Francisco Marcos Herrero, avezado autor salmantino, ha publicado hasta la fecha únicamente 4 o 5 libros, más por el capricho, la desidia o la llana y pura ceguera de los editores que por estricta voluntad. Finalista en numerosos premios de novela (incluido el Planeta), Marcos Herrero, no obstante, está por estética y por su concepción aún artesanal de la literatura completamente alejado de corrientes, modas, grupúsculos y experimentalis-mos, fiado única y exclusivamente a la esencial labor de contar una historia a partir del trazado psicológico de los personajes y de la utilización de elementos lingüísticos llenos de inusual riqueza verbal y expresiva, todo lo cual ha contribuido a hacer de él (ilógico mundo éste!) un “rara avis” de la pluma, un autor postergado que sólo de tarde en tarde rompe su silencio para ofrecernos un puñado de páginas cargadas de literatura y oficio.

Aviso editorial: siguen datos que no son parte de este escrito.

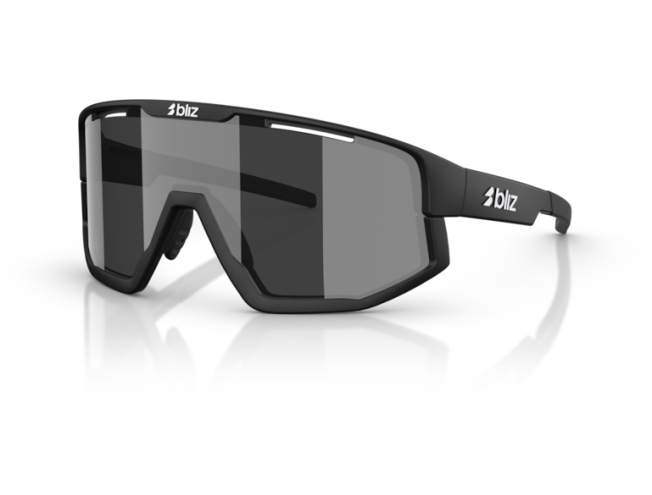 P&auml;ikeseprillid Bliz Fusion Matte Black Smoke/Silver Mirror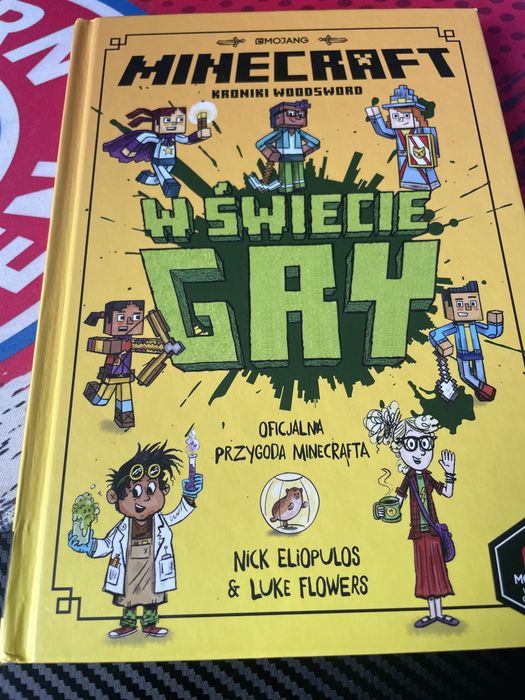 Minecraft. W świecie gry. Tom 1 z 6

Es este el caso de la feliz reedición de la novela corta que hoy reseñamos, “El viejo y la tierra”, galardonada en 1992 con el premio Ciudad de Monleón-Manuel Díaz Luis, que en su día tuvo una edición restringida.
Partiendo de un argumento muy simple, el monólogo de un anciano que ve llegar sus últimos días repasando su vida llena de alegrías, sacrificios y mezquindades en un pequeño pueblo castellano, Marcos pone en pie no sólo un modo de vivir y pensar ya extinguidos, sino el dual enfrentamiento entre el mundo rural y el urbano (representado por el choque generacional entre el viejo y sus hijos y nueras), todo ello en un deliberado estilo delibesiano, pues no en vano el maestro vallisoletano es un claro referente en la obra de Marcos tanto en el apartado argumental como formal. El modo de la construcción sintáctica, por ejemplo, se ciñe en ocasiones a cierto tipo de habla popular que subvierte el orden de los sustantivos. La prolijidad verbológica de Marcos brilla en cada página, donde el vocabulario muestra la bruñidura de un castellano lamentablemente en desuso. Todo ello podría hacer pensar que se trata de un libro con una pátina estilística caduca, pero en realidad no es así, pues el medio expresivo, justo y adecuado al narrador, no es sólo un ejemplo vacuo de riqueza léxica ni un despliegue de estilo sin fondo, sino la música para un discurso que por sus reflexiones eternas sobre la vida y la vejez se hace atemporal.
En suma, una pequeña gran novela, humana, sensible, y escrita en plenitud de facultades por un escritor de los de verdad, sin duda merecedor de un amplio crédito.